[Work task]
Starting with the line that holds "PIQUERAS Y CRESPO" and stopping after the line that holds "Herraje One Dólar", repeat the lines below word for word, without the pictures.

[Provided material]

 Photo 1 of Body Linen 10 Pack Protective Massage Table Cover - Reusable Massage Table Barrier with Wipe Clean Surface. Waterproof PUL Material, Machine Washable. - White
--
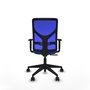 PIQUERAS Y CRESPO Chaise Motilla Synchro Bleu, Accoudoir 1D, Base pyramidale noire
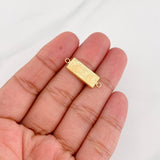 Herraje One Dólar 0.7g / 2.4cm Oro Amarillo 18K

[Your response]
 PIQUERAS Y CRESPO Chaise Motilla Synchro Bleu, Accoudoir 1D, Base pyramidale noire
 Herraje One Dólar 0.7g / 2.4cm Oro Amarillo 18K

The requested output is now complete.